[Caption-style text data]
▼▼▼

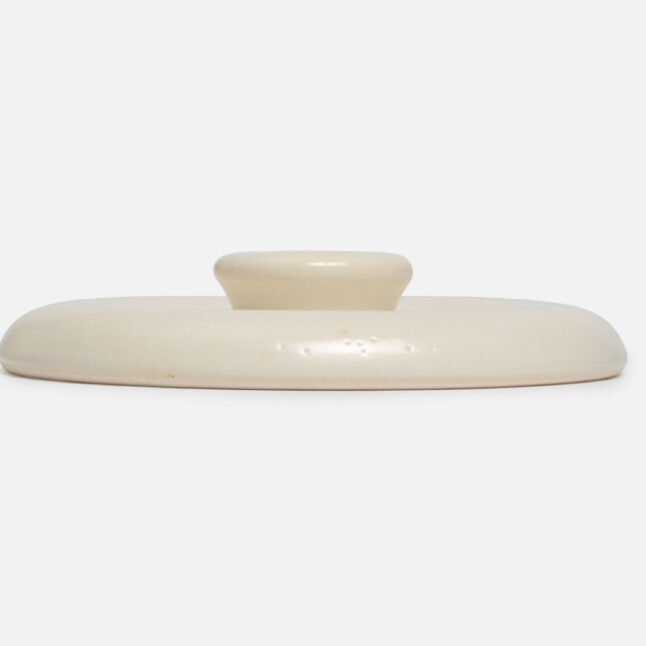 Small white Taiseigama rice pot lid from Japan House London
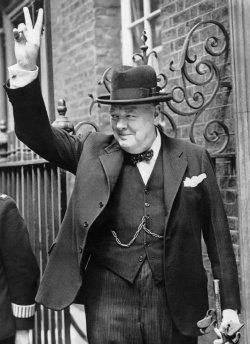 Winston Churchill giving Victory Sign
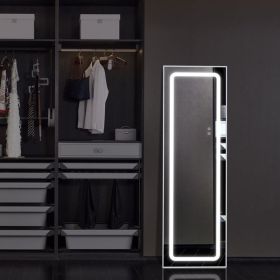 FCH Aluminum Alloy Right-Angle Rectangle 65*22in Can Stand Can Hang Three-tone Lighting Adjust Brightness Power-off Memory Full-length Mirror White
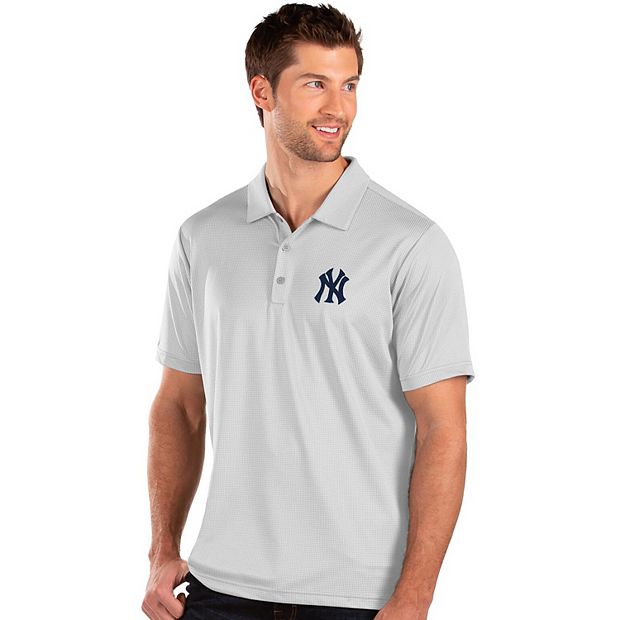 Men's Antigua White/Navy New York Yankees Groove Polo Size: Small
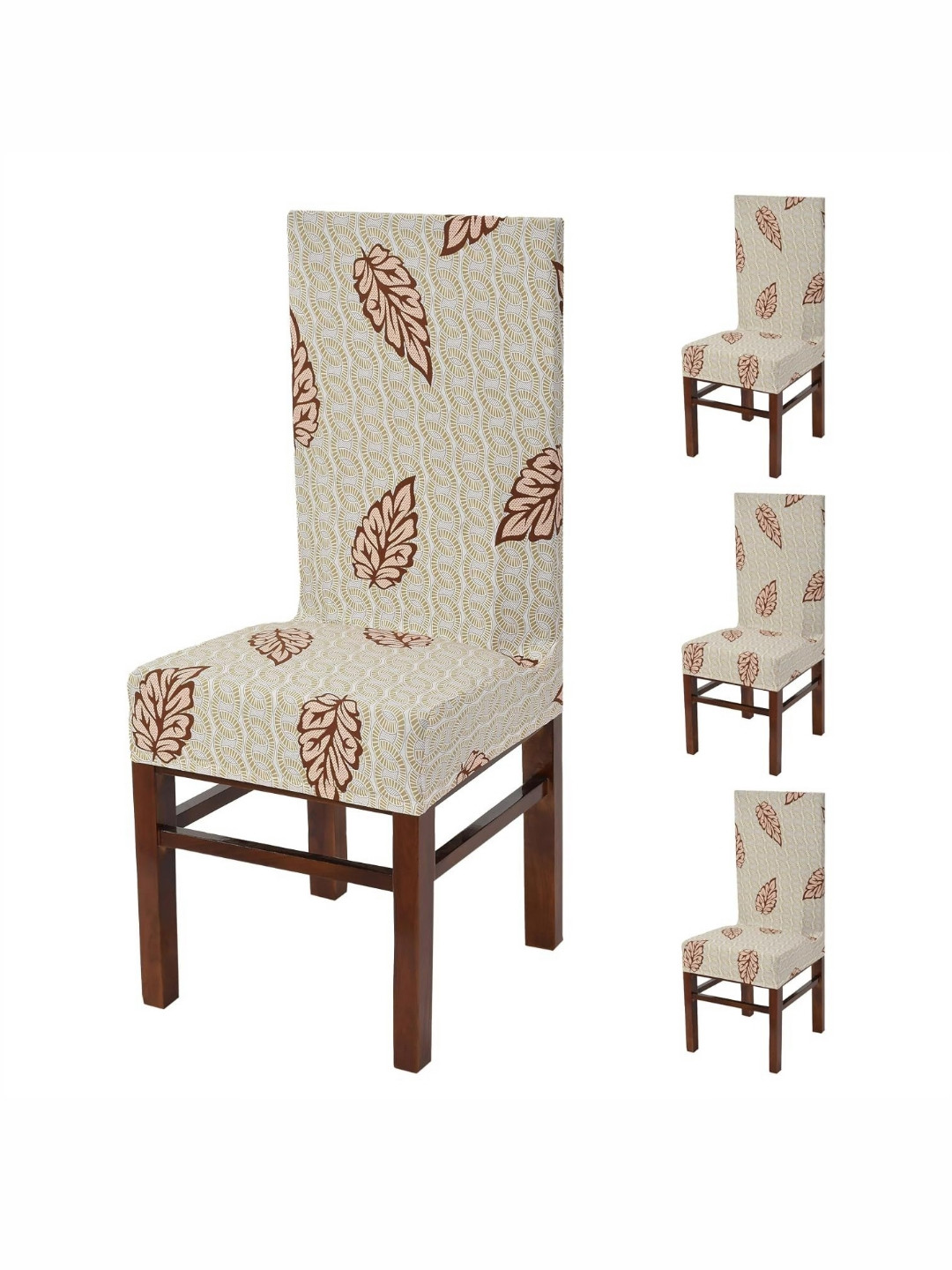 Yellow Weaves White & Brown 4 Pieces Printed Stretchable Chair Covers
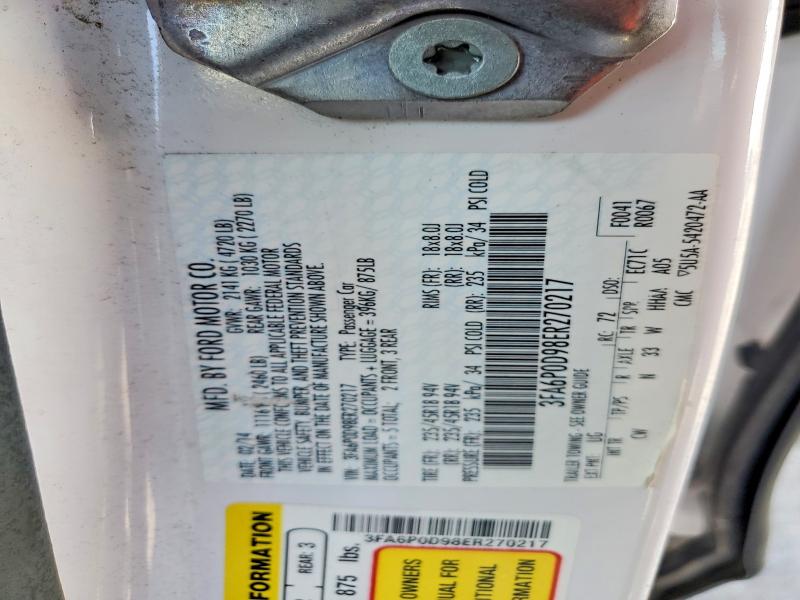 Продажа на аукционе авто 2014 Ford Fusion, vin: 3FA6P0D98ER270217, номер лота: 61802186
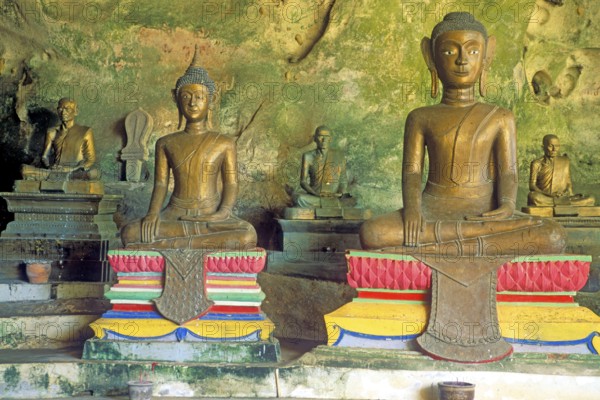 Buddha statues, Wat Suwannakhuha monastery, Phangnga Bay, Ko Phuket, Thailand, December 2002, vintage, retro, old, historic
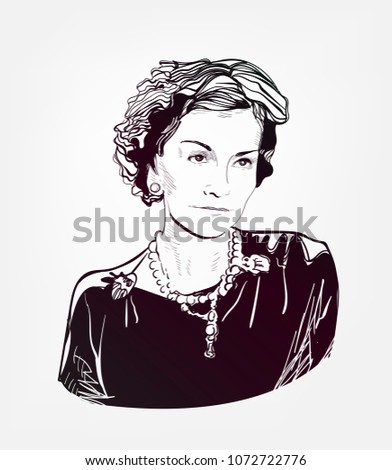 Gabrielle Chanel Coco vector sketch portrait illustration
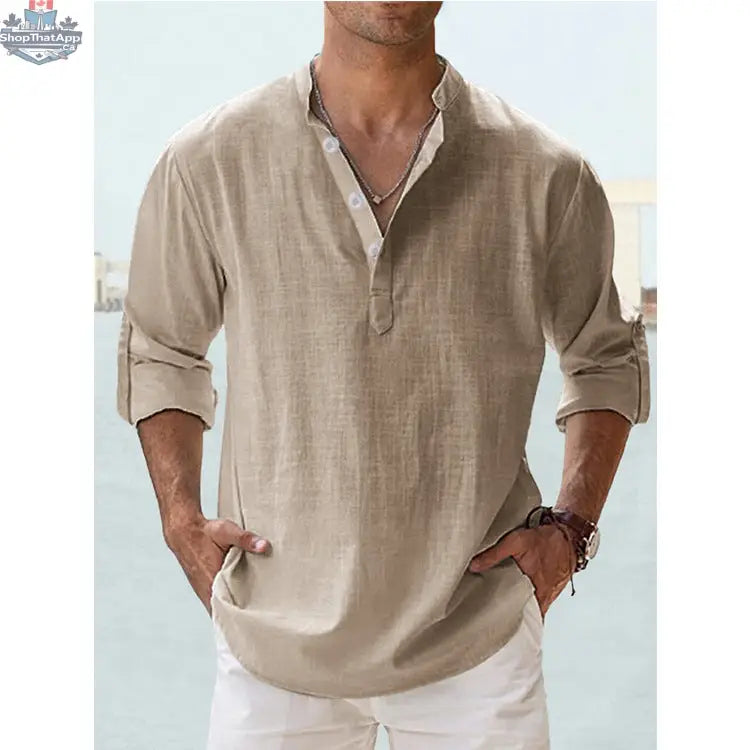 New Men's Casual Blouse Cotton Linen Shirt Loose Tops Long Sleeve Tee Shirt Spring Autumn Casual Handsome Men's Shirts - Shopthatapp.ca
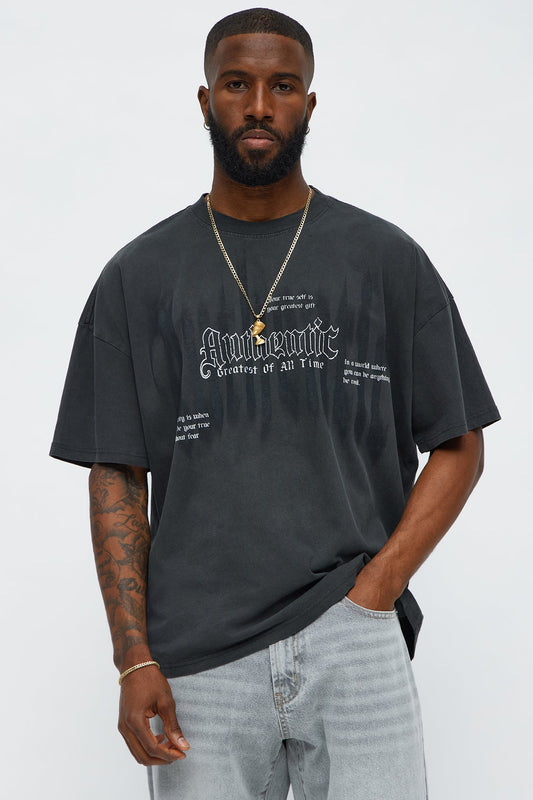 Remain Authentic Oversized Short Sleeve Tee - Black Wash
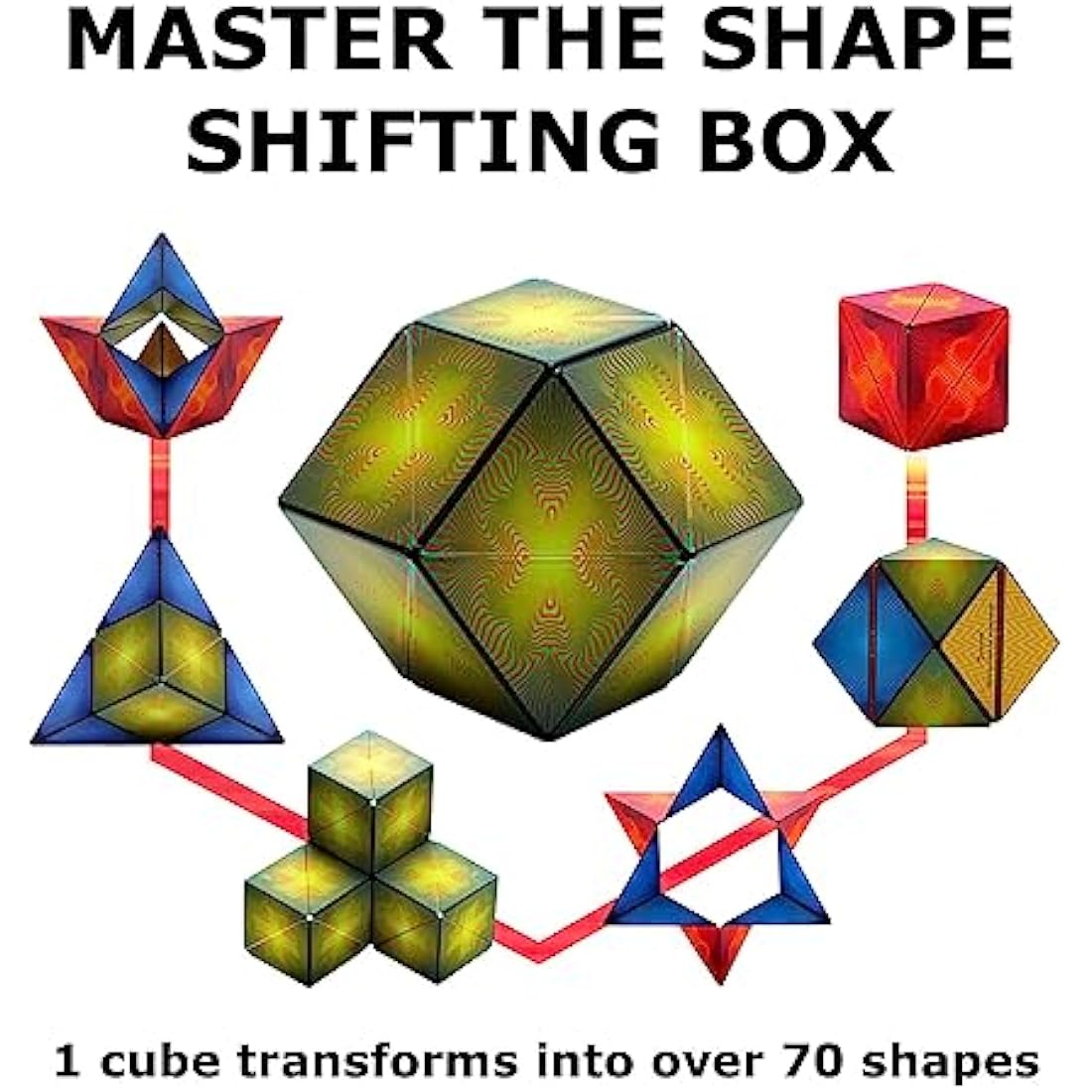 Shashibo Shape Shifting Box – Magnetic Fidget Cube and Sensory Puzzle Toy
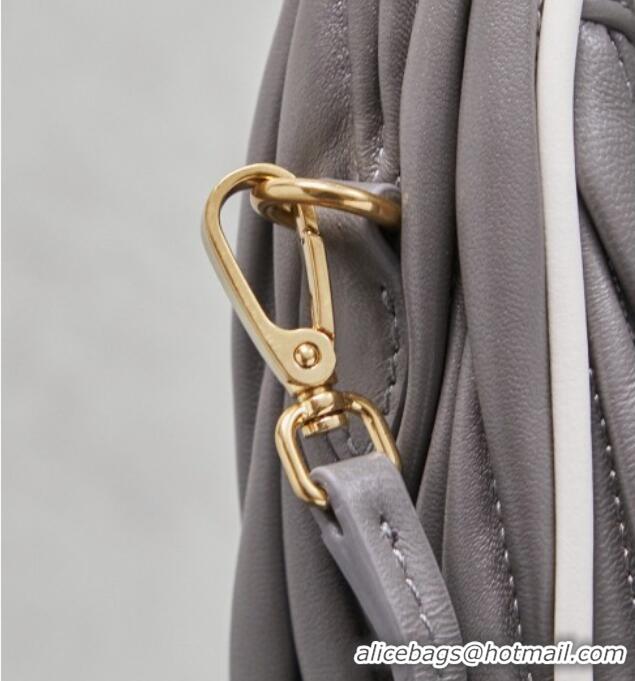 Top Quality Miu Miu Wander Matelasse Nappa Leather Hobo Mini bag with Contrasting Trim 5BC125 Grey 2026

▲▲▲

#### [Task]
In the reply, each line of the data must appear exactly as written, and no picture may appear.

#### [Reply]
 Small white Taiseigama rice pot lid from Japan House London
 Winston Churchill giving Victory Sign
 FCH Aluminum Alloy Right-Angle Rectangle 65*22in Can Stand Can Hang Three-tone Lighting Adjust Brightness Power-off Memory Full-length Mirror White
 Men's Antigua White/Navy New York Yankees Groove Polo Size: Small
 Yellow Weaves White & Brown 4 Pieces Printed Stretchable Chair Covers
 Продажа на аукционе авто 2014 Ford Fusion, vin: 3FA6P0D98ER270217, номер лота: 61802186
 Buddha statues, Wat Suwannakhuha monastery, Phangnga Bay, Ko Phuket, Thailand, December 2002, vintage, retro, old, historic
 Gabrielle Chanel Coco vector sketch portrait illustration
 New Men's Casual Blouse Cotton Linen Shirt Loose Tops Long Sleeve Tee Shirt Spring Autumn Casual Handsome Men's Shirts - Shopthatapp.ca
 Remain Authentic Oversized Short Sleeve Tee - Black Wash
 Shashibo Shape Shifting Box – Magnetic Fidget Cube and Sensory Puzzle Toy
 Top Quality Miu Miu Wander Matelasse Nappa Leather Hobo Mini bag with Contrasting Trim 5BC125 Grey 2026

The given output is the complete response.